Dinner was a torturous affair at 7pm with nobody willing to get out of the warmth. We had a simple hot meal in the aashram kitchen over some small talk. Next day we had a 5km+4km trek to Goumukh & Tapovan, and i was worried. The groups energy level was pretty low and the lack of acclimatisation had made its contribution.

I really wanted to go and told them that i would go alone if necessary. Rarely does one get such chance & lovely clear weather. After some discussion & popping painkillers everybody decides to try for Goumukh at least. There after people not feeling well could return back and the rest free to carry on to Tapovan.

Next morning we answered nature's call in nature... The river flowed lovely, having just melted from the glacier near by... some ice still floating and some sticking to its banks...the breeze was steady and cold, having just kissed the icy peaks & carrying the chill in its womb... the sky was a clear blue... We could see the glacier in a hazy distance and a little further Tapovan beckoned...

Well it was all nice and beautiful until one exposed one's bottoms... and the hands froze as soon as pulled out from the warmth of the gloves... Unloading oneself in an experience to remember:))) I must remember to carry warm water next time...

Anyway, after breakfast & tea we set out at 8am in the morning, after the frost on the track having melted. We walked slowly to Goumukh and prayed at the small open temple there.

And we moved on, nobody remembered to return back from here, the issue never arose. Soon we are trekking on the glacier but it look like solid rock. Lots of debris, dust & rocks are strewn across and ice is hidden at most places. Yet it is very much a glacier and u can see the rock solid ice jutting out at several places.

One person who visited this place earlier had commented that he could hear Mother Ganges flowing below, but i didn't even get a hint.
Soon we are across and the going gets tricky. We are walking on a a loose crumbling mountain. One mis-step and one would find one's head banging across rocks on the way down. After a while the guide declares that we have now reached the last & most treacherous stretch (last 150 meters climb). Here he tells us how a foreigner slipped and fell to death.

I think he was scaring us! He suggests we return back as the group was not fit to attempt a climb to Tapovan and return back the same day. If a few of us are willing to climb then we will need to spend the night at Tapovan. what to say... time is such a flirty thing... drag your feet and suddenly it is too late... the lack of acclimatisation had finally started showing on some very ashen faces...

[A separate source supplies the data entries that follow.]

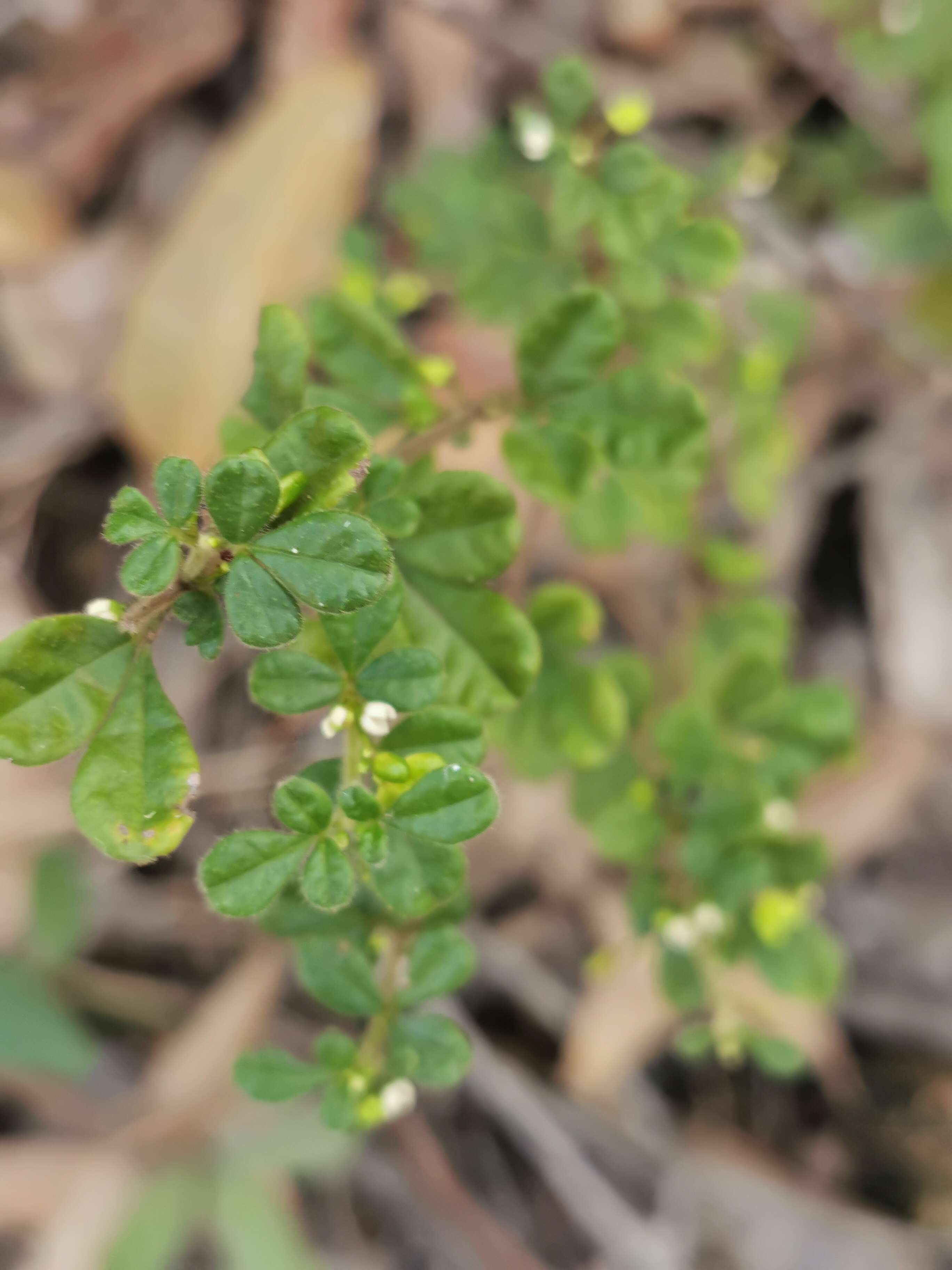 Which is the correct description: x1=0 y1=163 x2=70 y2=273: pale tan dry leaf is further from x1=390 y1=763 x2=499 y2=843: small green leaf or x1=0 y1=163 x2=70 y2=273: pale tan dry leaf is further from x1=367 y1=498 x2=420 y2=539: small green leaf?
x1=390 y1=763 x2=499 y2=843: small green leaf

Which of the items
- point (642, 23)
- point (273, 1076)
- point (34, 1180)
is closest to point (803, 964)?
point (273, 1076)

And before we vote, we find that a few members of the group has turned tail and started walking back!! The possibility of getting lost in this place without a guide is just about a certainty and the consequences unthinkable.

We decide to take a rest, have snacks, click some photographs and walk back...

At Goumukh the guide left us to return at our easy pace. Here on the trail is very clear and doesn't need a guide. Some more photography session...

Well, anyone wanting hot lunch had better scramble to the aashram before 2.30 which was the deadline for lunch at aashram. Pretty soon the whole group had disappeared behind the hills and only us two seniors(meaning in 30's! rest of the group was early 20's) walking at a slow pace. When we reach aashram it was well past 3 pm and a delicious 'khidri' was ready to be served...

The next day we returned back to Gangotri Dandi Aashram to find the three deserters extremely well kept & looked after!! They had managed to get kerosene & made 'khidri'. But then Aashram's Swamijee had returned followed by a flock of devotees and a truck load of food stuff and sweats. And finding these three kids in his aashram, he had pampered them with lots of sweets & food stuffs...

"what a shame...not just nose... i lost my neck..." rues a boy, feeling ashamed for abandoning the trek midways and seeing us back with wondrous experience & sights.

We collect our stuffs. The driver has also arrived as promised. We start at 2pm and have a nice hot bath mid-ways at Gangnani hot water spring. After a nice lunch there we set out again & reach Uttarkashi as darkness sets in.